The value of the allotment provided any eligible household shall not be considered income or resources for any purpose under any Federal, State, or local laws, including, but not limited to, laws relating to taxation, welfare, and public assistance programs, and no participating State or political subdivision thereof shall decrease any assistance otherwise provided an individual or individuals because of the receipt of an allotment under this chapter.

(Emphasis added.)

. Appellees’ counsel argued during oral argument that if this court believes this to be a close case, the "Council deserves a presumption of regularity." In our view, appellees’ assertion is effectively rebutted by statements in the legislative history concerning the food stamp offset to the reduction in AFDC benefits. See pages 952-953, supra.

. “Legislative history of subsequent legislation is entitled to significant weight in construing earlier, related legislation.” Kalaris v. Donovan, 225 U.S.App.D.C. 134, 150 n. 65, 697 F.2d 376, 392 n. 65 (citations omitted), cert. denied, 462 U.S. 1119, 103 S.Ct. 3088, 77 L.Ed.2d 1349 (1983).

. In our view, both the trial court's and appel-lees' attempts to distinguish the Long and Woods cases are tenuous at best.

. D.C.Code § 3-205.55(c) states:

When changes in District of Columbia law require automatic grant adjustments for classes of recipients, timely notice of these grant adjustments shall be given, which shall be deemed "adequate” if it includes a statement of the intended action, the reasons for the intended action, a statement of the specific change in law requiring the action, and a statement of the circumstances under which a hearing may be obtained and assistance continued.

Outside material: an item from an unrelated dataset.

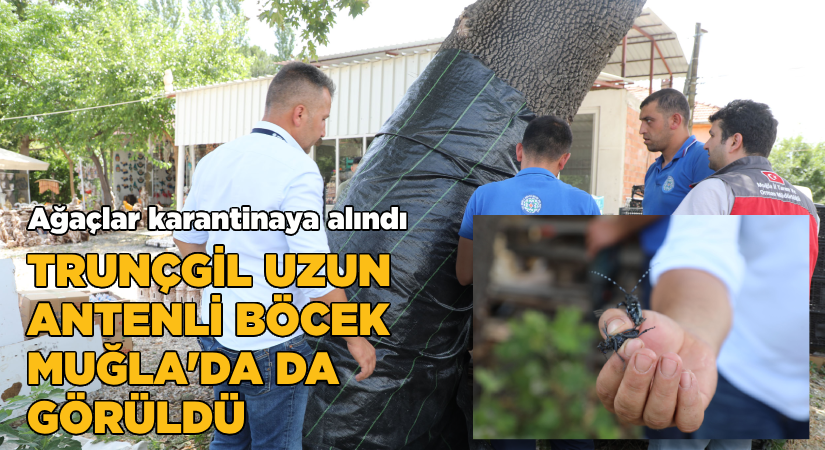 Muğla’da İlk Defa Görülen Turunçgil Uzun Antenli Böceği ile Mücadele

. 45 C.F.R. § 205.10(a)(4)(iii) states:

When changes in either State or Federal law require automatic grant adjustments for classes of recipients, timely notice of such grant adjustments shall be given which shall be "adequate” if it includes a statement of the intended action, the reasons for such intended action, a statement of the specific change in law requiring such action and a statement of the circumstances under which a hearing may be obtained and assistance continued.

. We leave to the sound discretion of the trial court to fashion an appropriate remedy in this case after a "delicate balancing of the equities.” Archer v. District of Columbia Dep’t of Human Resources, 375 A.2d 523, 528 (D.C.1977). See generally Carey v. Piphus, 435 U.S. 247, 263, 98 S.Ct. 1042, 1052, 55 L.Ed.2d 252 (1978); Sprint Communications Co. v. Kelly, 642 A.2d 106, 118 (D.C.1994), petition for cert. filed, 62 U.S.L.W. 3863 (U.S. June 13, 1994) (No. 93-1987); District of Columbia v. Gray, 452 A.2d 962, 965 (D.C. 1982). Because the issue of an appropriate remedy was not addressed in the trial court and is, thus, not before this court on appeal, see Jones v. Howard University, 574 A.2d 1343, 1346 (D.C.1990), we express no opinion on what an appropriate remedy should be.